== The data
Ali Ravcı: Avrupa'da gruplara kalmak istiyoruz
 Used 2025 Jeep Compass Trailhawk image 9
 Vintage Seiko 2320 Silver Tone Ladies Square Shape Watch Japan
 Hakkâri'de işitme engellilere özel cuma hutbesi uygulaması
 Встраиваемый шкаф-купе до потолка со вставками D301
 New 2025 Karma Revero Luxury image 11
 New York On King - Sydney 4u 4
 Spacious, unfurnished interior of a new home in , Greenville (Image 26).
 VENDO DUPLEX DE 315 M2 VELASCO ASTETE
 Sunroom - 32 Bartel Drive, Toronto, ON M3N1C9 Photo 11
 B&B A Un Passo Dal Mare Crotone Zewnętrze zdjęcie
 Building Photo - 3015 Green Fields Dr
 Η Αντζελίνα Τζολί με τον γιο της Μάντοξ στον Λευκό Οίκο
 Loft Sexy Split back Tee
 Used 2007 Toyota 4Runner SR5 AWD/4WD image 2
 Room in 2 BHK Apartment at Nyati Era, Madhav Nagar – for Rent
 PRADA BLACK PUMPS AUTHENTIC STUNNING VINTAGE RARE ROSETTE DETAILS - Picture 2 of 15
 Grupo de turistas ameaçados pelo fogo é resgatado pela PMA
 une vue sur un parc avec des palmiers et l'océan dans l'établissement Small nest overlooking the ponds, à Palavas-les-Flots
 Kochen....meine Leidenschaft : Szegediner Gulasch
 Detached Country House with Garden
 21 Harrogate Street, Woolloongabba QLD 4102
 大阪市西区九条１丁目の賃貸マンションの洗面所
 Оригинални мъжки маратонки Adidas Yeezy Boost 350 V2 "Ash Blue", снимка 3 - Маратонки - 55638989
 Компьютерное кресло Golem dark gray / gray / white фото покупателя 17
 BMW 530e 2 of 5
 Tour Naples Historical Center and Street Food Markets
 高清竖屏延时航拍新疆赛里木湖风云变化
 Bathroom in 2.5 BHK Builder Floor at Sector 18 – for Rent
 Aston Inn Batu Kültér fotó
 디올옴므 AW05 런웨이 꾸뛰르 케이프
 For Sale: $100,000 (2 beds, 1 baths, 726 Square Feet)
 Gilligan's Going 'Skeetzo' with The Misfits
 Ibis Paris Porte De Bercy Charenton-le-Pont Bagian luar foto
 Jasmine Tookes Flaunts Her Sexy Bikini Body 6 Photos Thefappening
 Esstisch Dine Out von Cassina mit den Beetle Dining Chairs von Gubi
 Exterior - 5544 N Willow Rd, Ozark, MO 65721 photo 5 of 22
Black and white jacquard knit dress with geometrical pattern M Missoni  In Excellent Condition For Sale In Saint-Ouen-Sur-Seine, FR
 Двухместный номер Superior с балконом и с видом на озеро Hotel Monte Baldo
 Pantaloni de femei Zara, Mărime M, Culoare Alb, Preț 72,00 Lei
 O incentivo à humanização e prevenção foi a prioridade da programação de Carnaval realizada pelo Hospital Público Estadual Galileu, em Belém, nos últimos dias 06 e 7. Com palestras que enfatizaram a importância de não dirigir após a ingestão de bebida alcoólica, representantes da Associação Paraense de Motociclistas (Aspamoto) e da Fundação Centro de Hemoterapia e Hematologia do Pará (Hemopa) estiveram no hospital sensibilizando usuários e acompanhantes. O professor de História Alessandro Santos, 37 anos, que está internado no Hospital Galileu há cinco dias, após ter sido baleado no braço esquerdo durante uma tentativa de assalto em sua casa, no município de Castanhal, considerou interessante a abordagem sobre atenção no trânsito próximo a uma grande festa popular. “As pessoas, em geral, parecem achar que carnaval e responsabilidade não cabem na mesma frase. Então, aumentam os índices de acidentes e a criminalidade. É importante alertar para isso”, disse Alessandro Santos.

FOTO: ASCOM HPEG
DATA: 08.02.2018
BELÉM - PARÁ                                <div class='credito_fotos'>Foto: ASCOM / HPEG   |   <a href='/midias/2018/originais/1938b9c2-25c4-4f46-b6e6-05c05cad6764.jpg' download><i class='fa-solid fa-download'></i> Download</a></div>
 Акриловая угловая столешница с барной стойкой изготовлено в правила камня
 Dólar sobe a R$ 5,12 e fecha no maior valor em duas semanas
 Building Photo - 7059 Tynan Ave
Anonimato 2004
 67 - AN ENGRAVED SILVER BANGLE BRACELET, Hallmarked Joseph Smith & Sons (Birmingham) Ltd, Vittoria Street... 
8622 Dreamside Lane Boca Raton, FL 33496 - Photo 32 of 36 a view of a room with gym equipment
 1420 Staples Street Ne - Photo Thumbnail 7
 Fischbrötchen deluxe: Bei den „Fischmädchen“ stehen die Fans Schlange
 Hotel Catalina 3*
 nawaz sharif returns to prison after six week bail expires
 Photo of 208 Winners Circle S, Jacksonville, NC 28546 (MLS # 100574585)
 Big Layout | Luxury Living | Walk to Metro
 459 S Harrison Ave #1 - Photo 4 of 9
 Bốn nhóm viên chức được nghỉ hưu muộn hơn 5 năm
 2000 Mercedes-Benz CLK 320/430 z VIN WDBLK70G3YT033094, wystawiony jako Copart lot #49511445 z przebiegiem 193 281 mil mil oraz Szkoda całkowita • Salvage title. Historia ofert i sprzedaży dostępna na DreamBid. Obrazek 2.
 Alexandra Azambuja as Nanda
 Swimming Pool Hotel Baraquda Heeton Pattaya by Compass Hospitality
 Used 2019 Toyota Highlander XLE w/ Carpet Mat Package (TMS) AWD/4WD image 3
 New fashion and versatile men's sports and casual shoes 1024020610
====
> _What this task involves_
Bring together every line in the entries that holds the string "HPEG".

> _Your solution_
FOTO: ASCOM HPEG
BELÉM - PARÁ                                <div class='credito_fotos'>Foto: ASCOM / HPEG   |   <a href='/midias/2018/originais/1938b9c2-25c4-4f46-b6e6-05c05cad6764.jpg' download><i class='fa-solid fa-download'></i> Download</a></div>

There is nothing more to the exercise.